Material for this exercise below:
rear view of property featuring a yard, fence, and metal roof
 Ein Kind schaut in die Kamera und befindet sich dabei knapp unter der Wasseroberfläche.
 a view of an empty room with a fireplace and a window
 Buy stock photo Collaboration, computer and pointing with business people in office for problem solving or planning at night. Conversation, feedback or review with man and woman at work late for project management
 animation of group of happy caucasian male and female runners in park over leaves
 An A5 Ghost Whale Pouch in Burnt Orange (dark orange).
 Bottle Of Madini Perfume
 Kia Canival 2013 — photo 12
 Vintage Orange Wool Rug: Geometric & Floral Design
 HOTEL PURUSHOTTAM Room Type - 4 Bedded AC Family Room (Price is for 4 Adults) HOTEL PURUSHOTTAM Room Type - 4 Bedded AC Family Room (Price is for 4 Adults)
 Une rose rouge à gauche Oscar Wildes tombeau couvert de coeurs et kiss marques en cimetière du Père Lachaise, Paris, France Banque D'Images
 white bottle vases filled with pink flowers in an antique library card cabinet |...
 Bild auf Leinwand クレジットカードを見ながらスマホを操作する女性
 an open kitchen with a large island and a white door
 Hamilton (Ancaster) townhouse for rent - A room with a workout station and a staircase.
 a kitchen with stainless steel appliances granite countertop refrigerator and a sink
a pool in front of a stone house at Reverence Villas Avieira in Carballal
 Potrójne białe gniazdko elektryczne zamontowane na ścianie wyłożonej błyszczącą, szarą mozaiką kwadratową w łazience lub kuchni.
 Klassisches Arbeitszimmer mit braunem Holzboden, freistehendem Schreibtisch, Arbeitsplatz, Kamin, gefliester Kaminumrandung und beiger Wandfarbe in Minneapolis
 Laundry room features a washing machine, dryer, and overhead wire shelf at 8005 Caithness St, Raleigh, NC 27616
End of Material for this exercise.
**Your assignment:**
How many lines in the listing above contain "with"? Give the number and nothing else.

**Task result:**
6